Problem requirements - The answer must be an exact copy of the lines from the one with "Hey everyone, welcome" through the final line of the records below, with no pictures.

Dataset records:
▬▬▬
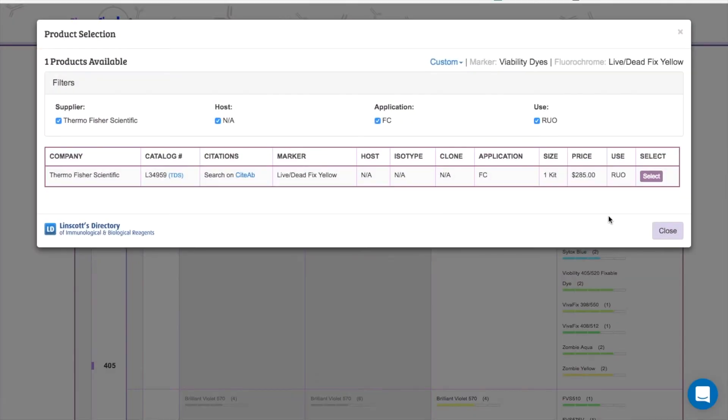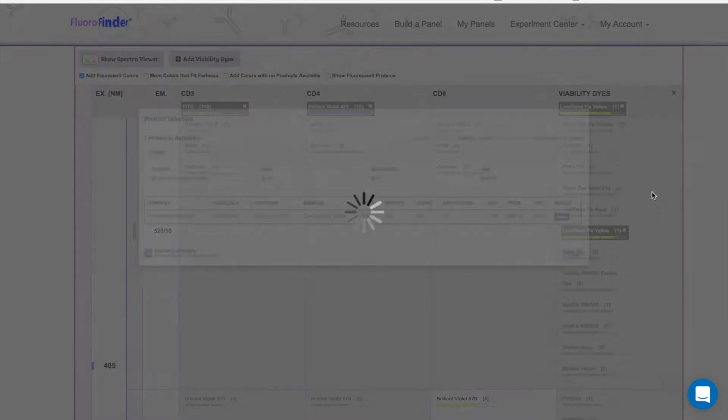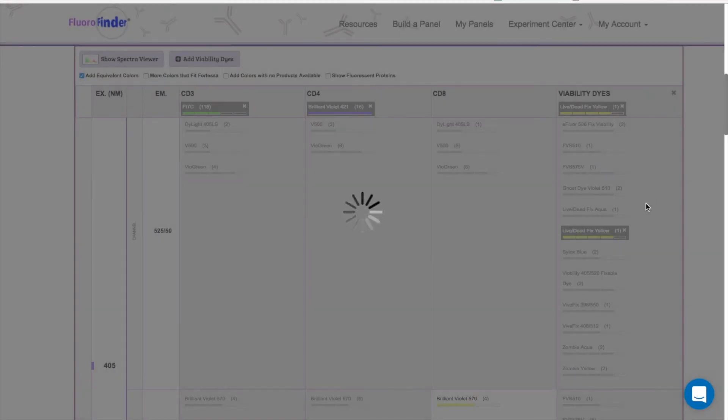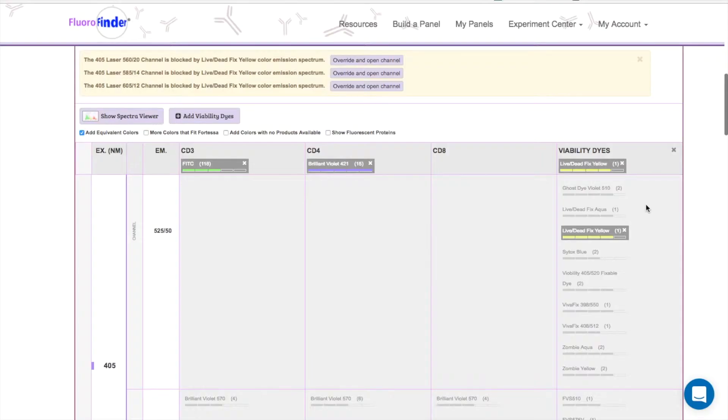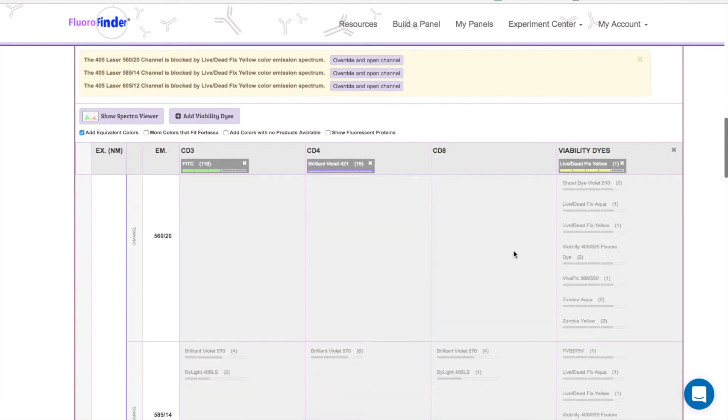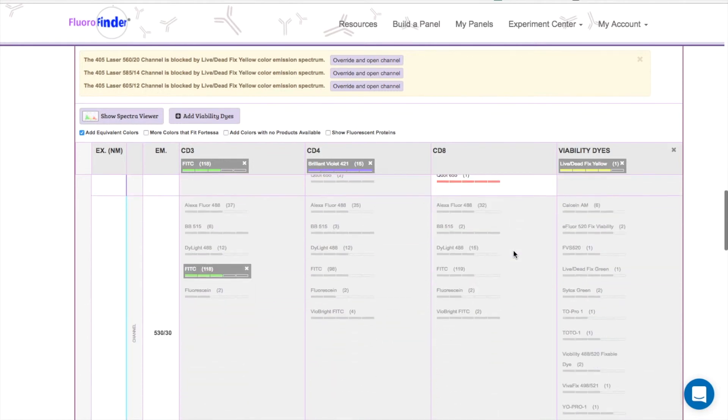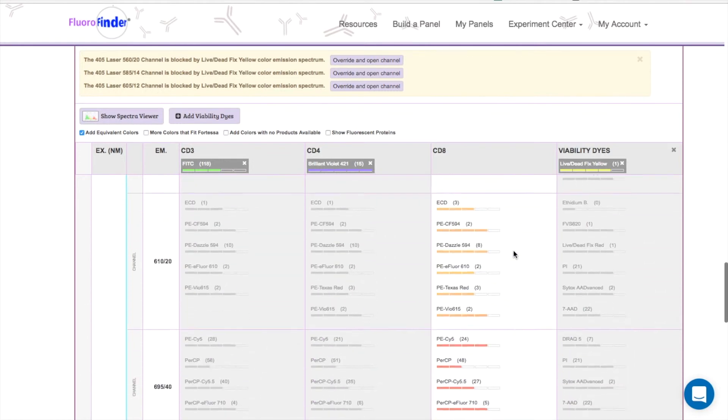Now you'll see another feature. Because this dye has a broad emission spectrum, it's actually being picked up by multiple detectors on this machine. These channels have also been blocked out, saving you the hassle of excessive compensation when you go to run your experiment.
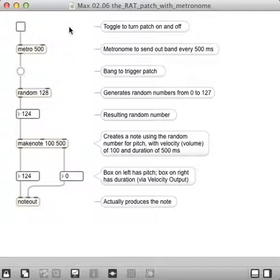And from that, you can see why Monzo calls this the Rat Patch. That stands for Random Atonal Trash. And that's it.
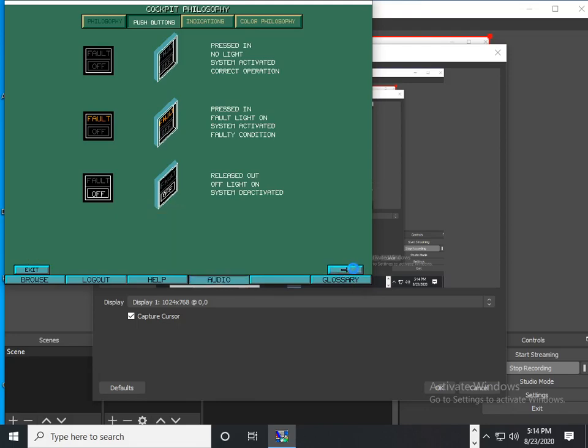Some push-buttons have only one stable position, released out. When pushed, they send a control signal to the system.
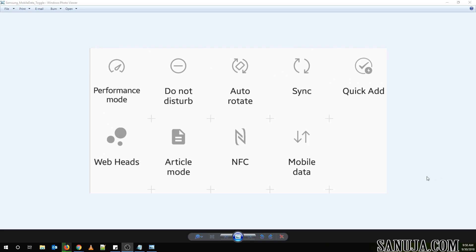Some of you may have noticed that on quick setting toggles for Samsung Galaxy S phones, starting from Samsung S5 and up, you do not have the mobile data and also mobile hotspot available on your phone. You can add this, and I will show you how you can add that to your phone.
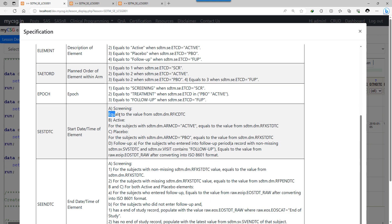For the screening start date, we are asked to use the value from the DM dataset — specifically RFIC DTC. Whether a subject belongs to active or placebo arm can be checked using the ARMCD variable in the DM dataset. For those subjects assigned to active arm, we populate the element code as active, and for subjects assigned to placebo arm, we populate the element code as placebo.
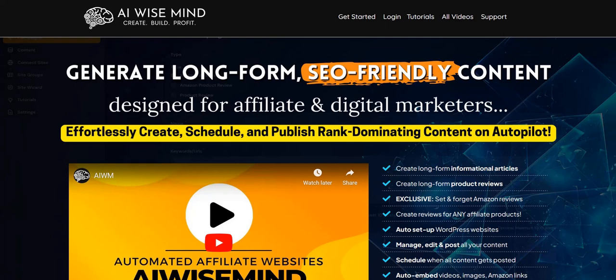If you click the link in the video description below, you can discover my number one recommended online system right now. It's a complete done-for-you system and an excellent way to get going building up that realistic full-time income online. So check out the link below for my number one recommended online system.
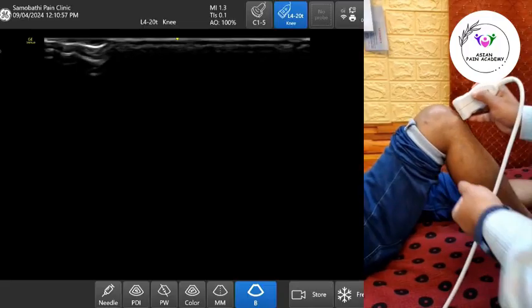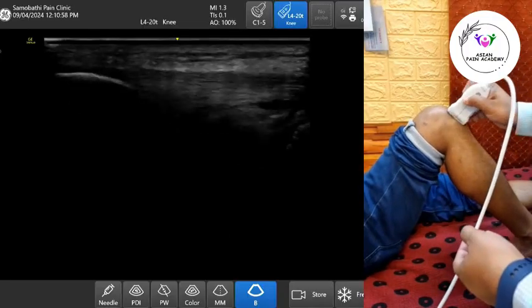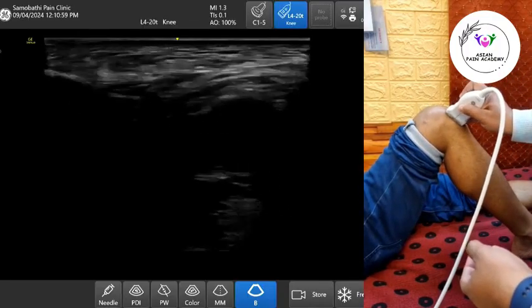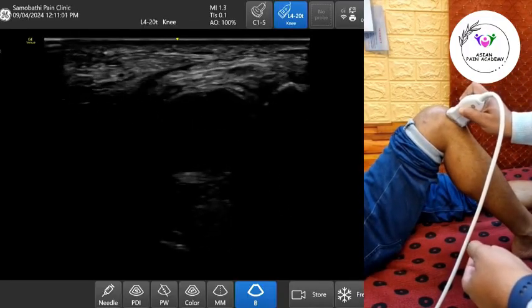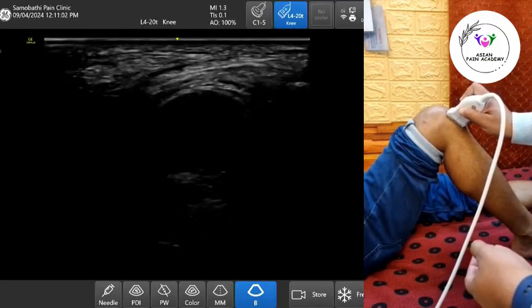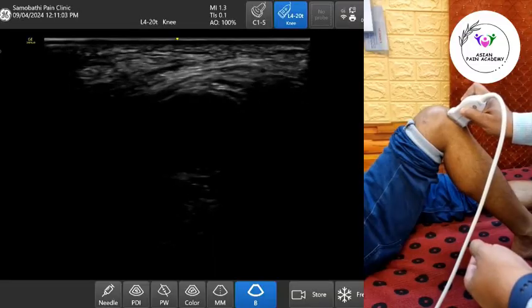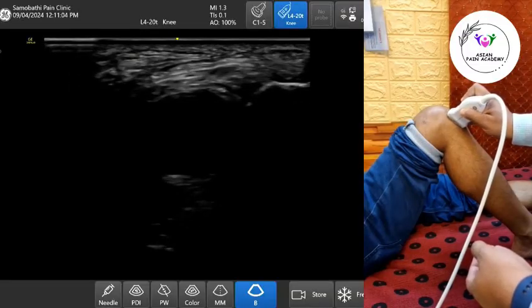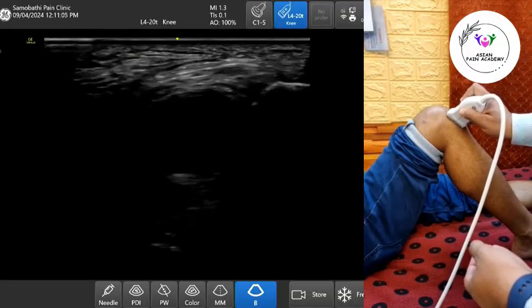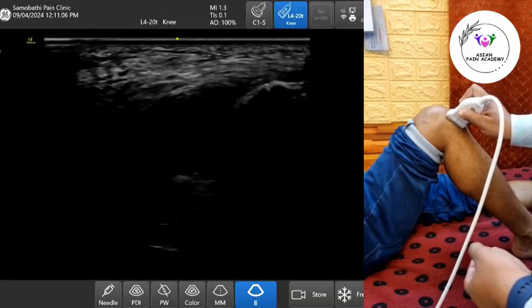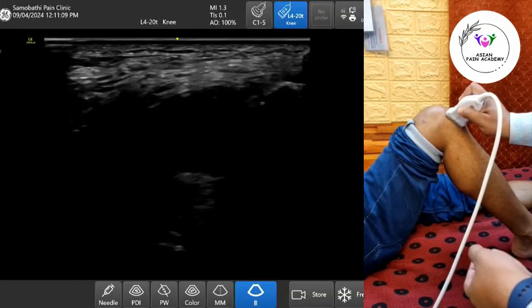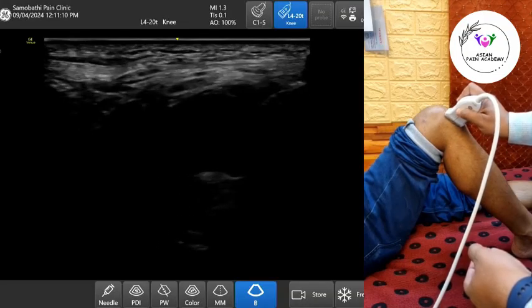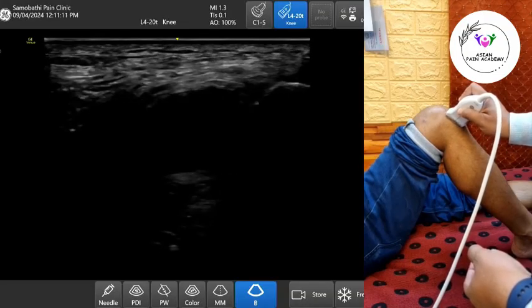Begin with a longitudinal scan along the patellar tendon. Identify the distal patellar tendon and tibial tuberosity, and look just deep to the tendon. A hypoechoic or anechoic collection may indicate fluid within the deep bursa.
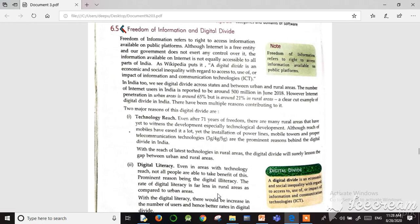Digital divide is an economic and social inequality with regard to access to and use of, or impact of, information and communication technologies. People affected cannot get proper communication technology, cannot access data, cannot use it, and cannot browse the internet. This gap between those who are using the internet and those who are not is called digital divide.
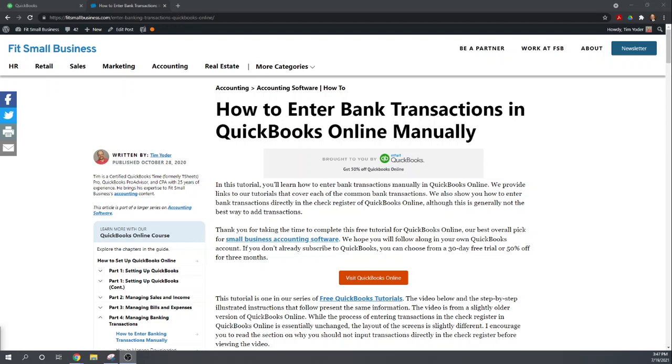So let me show you how to enter the transactions manually. It is very quick and that is nice. And then let me show you some of the reasons why you don't want to do this on a regular basis.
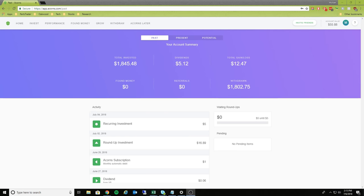Hey everyone, welcome back to another one of my videos. Today I'm going to be doing a walkthrough of the app called Acorns.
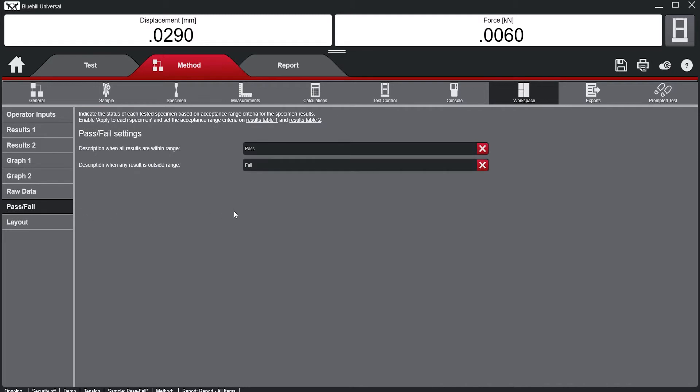Here the verbiage can be changed for either a Pass or Fail description. A Fail notification could alert the operator to seek the assistance of the lab manager.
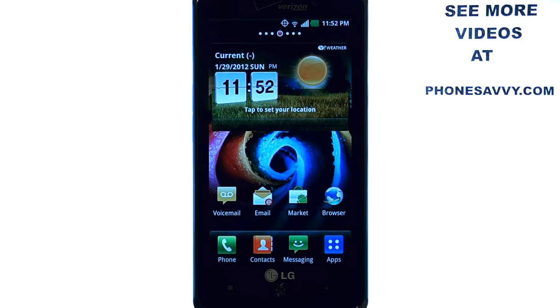Welcome to PhoneSavvy.com smartphone training videos. See more training videos on the LG Spectrum at PhoneSavvy.com.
▬▬▬
Result of this task -
Hey everyone, welcome back to another one of my videos. Today I'm going to be doing a walkthrough of the app called Acorns.
Here the verbiage can be changed for either a Pass or Fail description. A Fail notification could alert the operator to seek the assistance of the lab manager.
Welcome to PhoneSavvy.com smartphone training videos. See more training videos on the LG Spectrum at PhoneSavvy.com.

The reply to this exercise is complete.